[[ Source records, beginning ]]

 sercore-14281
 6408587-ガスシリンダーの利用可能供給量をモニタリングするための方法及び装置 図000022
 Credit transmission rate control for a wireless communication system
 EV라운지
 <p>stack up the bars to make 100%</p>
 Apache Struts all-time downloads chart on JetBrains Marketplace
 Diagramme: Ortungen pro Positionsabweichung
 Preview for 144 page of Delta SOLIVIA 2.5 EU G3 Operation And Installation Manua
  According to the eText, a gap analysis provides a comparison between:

[[ Source records, end ]]

Every line from the one containing "6408587-ガスシリンダ" through the final line of the data above is to be restated word for word, and nothing more.

> _Solved exercise_
 6408587-ガスシリンダーの利用可能供給量をモニタリングするための方法及び装置 図000022
 Credit transmission rate control for a wireless communication system
 EV라운지
 <p>stack up the bars to make 100%</p>
 Apache Struts all-time downloads chart on JetBrains Marketplace
 Diagramme: Ortungen pro Positionsabweichung
 Preview for 144 page of Delta SOLIVIA 2.5 EU G3 Operation And Installation Manua
  According to the eText, a gap analysis provides a comparison between:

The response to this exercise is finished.